Si este muchacho de Malaui le dio luz a seis hogares con una heladera vieja, en esta región bendecida por la naturaleza la electricidad debería ser gratuita.

Sin embargo, una familia tucumana paga en promedio una tarifa de luz ocho veces más cara que una familia del Área Metropolitana de Buenos Aires (AMBA).

En este país unitario y desigual hasta el hueso, la ciudad más rica abona los servicios más baratos, la mayoría de ellos subsidiados por las provincias.

Por ejemplo, según el Indec, por cada $1,6 que paga un porteño por el transporte público, en el NOA se pagan 12,6 pesos. En Córdoba, $ 18,8, y en Cuyo $21,3.

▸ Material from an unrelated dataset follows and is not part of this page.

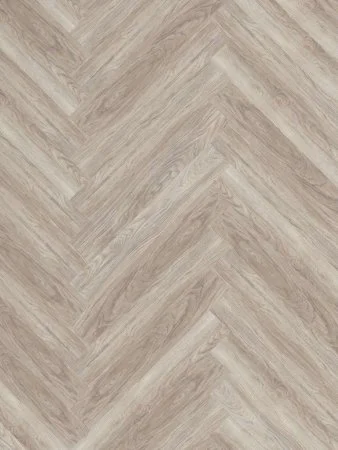 ПВХ плитка FineFlex Wood Дуб Басеги FX-102 в Салавате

Volviendo a las inspiradoras experiencias de Malaui, nuestras autoridades deberían extender y fomentar estos ejemplos, sobre todo entre los sectores más postergados y vulnerables, tanto rurales como urbanos.

Y con seguridad deben existir ejemplos nuestros de superación y genialidad que no se conocen, que no han trascendido.

Películas como “El niño que domó el viento” deberían proyectarse en todas las escuelas.

Historias como la de Colrerd Nkosi y su bicicleta que “fabricaba luz” también tendrían que enseñarse en las aulas, con gráficos y dibujitos, para que todos aprendan que con un poco de imaginación y escasos recursos se puede progresar un montón.

Sin dudas estos relatos podrían inspirar y entusiasmar a cientos de chicos tucumanos.

En épocas proselitistas, como ahora, los candidatos deberían aprovechar los espacios publicitarios para difundir historias como estas, en vez de gastar millones repitiendo las mismas consignas vacías de siempre.

Según el último censo, en 2010 había en la provincia 13.515 viviendas sin energía eléctrica, donde residían casi 60.000 personas.

Es criminal, y tristísimo, que ocurra esto en una potencia hídrica como Tucumán.